Adam Smith laissez faire theory

July 20, 2015
Laissez-faire 1920s

You only have to turn over a British twenty pound note, to see arguably one of the most influential philosophers of all times, Adam Smith. Smith formulated one of the most crucial social sciences in understanding human interactions – economics – in his renowned book ‘The Wealth of Nations’. The book is considered his magnum opus and earned Smith a massive contemporary reputation as well as a legacy as ‘the father of modern economics’, and has often been labelled the first advocate of laissez-faire capitalism. His association with laissez-faire economics is so strongly believed that a British think tank that espouses laissez-faire views is named after him – The Adam Smith Institute. However, Smith’s reputation as an advocate of laissez-faire capitalism has caused debate over whether this is an overstated misreading of his philosophy. The purpose of this article is to look at how persuasive the view that Smith was not a laissez-faire advocate is.

Firstly, it would be helpful to define the term laissez-faire economics before we can assess whether or not Smith was an advocate of such a system. Laissez-faire economics is an economic system in which there is a competitive market economy where prices are determined by supply and demand. The economy is ‘free of any government intervention’ in the strictest sense – government’s sole duty is to protect property rights. The market therefore is left to work off the principle of market forces to self-regulate, which is, undeniably, a Smithian idea. Laissez-Faire Economics

Smith saw the idea of self-regulating markets as working through an invisible hand. For Smith, the invisible hand was a metaphor to describe the free-market as a social mechanism that channelled ambition towards meeting the needs of society, even if the ambitious had no benevolent intentions. However, it is important to note that he only used the term three times in his writings. Many economists have jumped on the bandwagon in over emphasizing Smith’s belief in the invisible hand and argue, incorrectly, this was the main idea within ‘The Wealth of Nations’- it was not. The central purpose of ‘The Wealth of Nations’ was to criticise mercantilism and to argue that a nation’s wealth should be judged not by its store of bullion but by the total production of specialised commerce. It would appear that the idea Smith’s invisible hand is grounded in support of such a laissez-faire economy – a term never actually used by Smith – has been overstated.

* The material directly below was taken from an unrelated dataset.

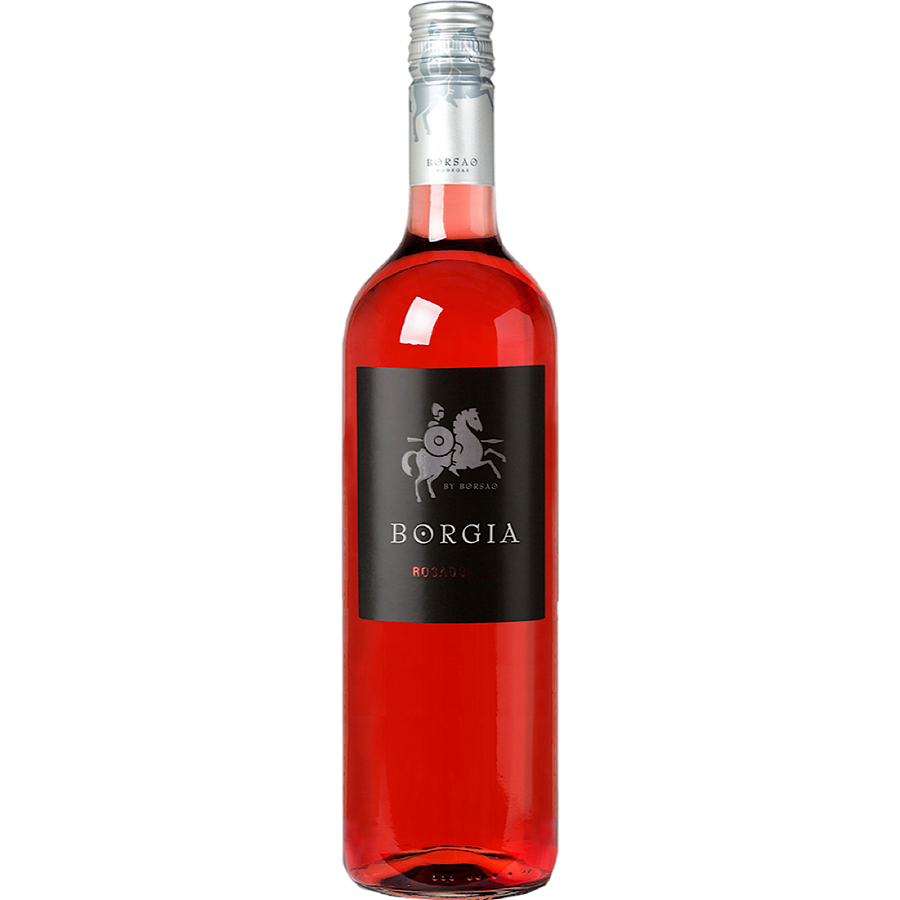 Borgia by Borsao Rosado 6 Bottle Case 75cl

Most free-market economists will fight strongly against any sort of taxation, especially a progressive taxation which they often dismiss as at best ‘interventionist’, at worst ‘socialist’. It is therefore interesting to note of Smith’s support for citizens paying taxation: “The subjects of every state ought to contribute towards the support of the government.”
Smith even proudly boasted that: “Every tax, however, is, to the person who pays it, a badge, not of slavery, but of liberty.” Which is rather odd for a man often labelled as the ‘father of the free-market’, when most modern free-market thinkers believe taxation to be a form of state violence and outright theft.

Some free-market advocates may compromise at a flat rate of taxation yet, in two places in the ‘Wealth of Nation’s Smith vigorously defends a progressive system of income taxation:

“[taxation should be contributed] in proportion to the revenue which they respectively enjoy under the protection of the state.”

“The rich should contribute to the public expense, not only in proportion to their revenue, but something more than in that proportion.”

Specifically naming taxes that he thought should be required by the state further supports the idea that Smith saw some intrinsic economic benefit of taxation; amongst his listed taxes were a luxury goods taxes and tax on rent. He believed that tax laws should be as transparent as possible and that each individual should pay a “certain amount, and not arbitrary”.

As a free-marketeer, we would assume Smith would be totally opposed to any sort of government intervention. Granted, Smith viewed government intervention in the market with great scepticism, yet he was prepared to accept intervention in the specific cases where he judged intervention would be most beneficial and not undermine the otherwise free operation of the system. Additionally, Smith even outlined the proper expenses of the government including:

  • Enforce contracts and provide justice system
  • Grant patents and copyrights
  • Provide public goods
  • Provide national defence
  • Regulate banking

Smith, however, went as far as to favour direct state provision of certain services. He argued it was the role of the government to provide goods: “of such a nature that the profit could never repay the expense to any individual”, leading Smith to support public education and religious institutions as they providing general benefit to the society beyond the reach of the market.
Perhaps yet more damaging to Smith’s free-market reputation is his belief that a government monopoly should subsidise newly formed industry. That said, he did fear that as new businesses grew they would be unwilling to surrender the government help that was, ultimately, anti-competitive and against his idea of a market economy.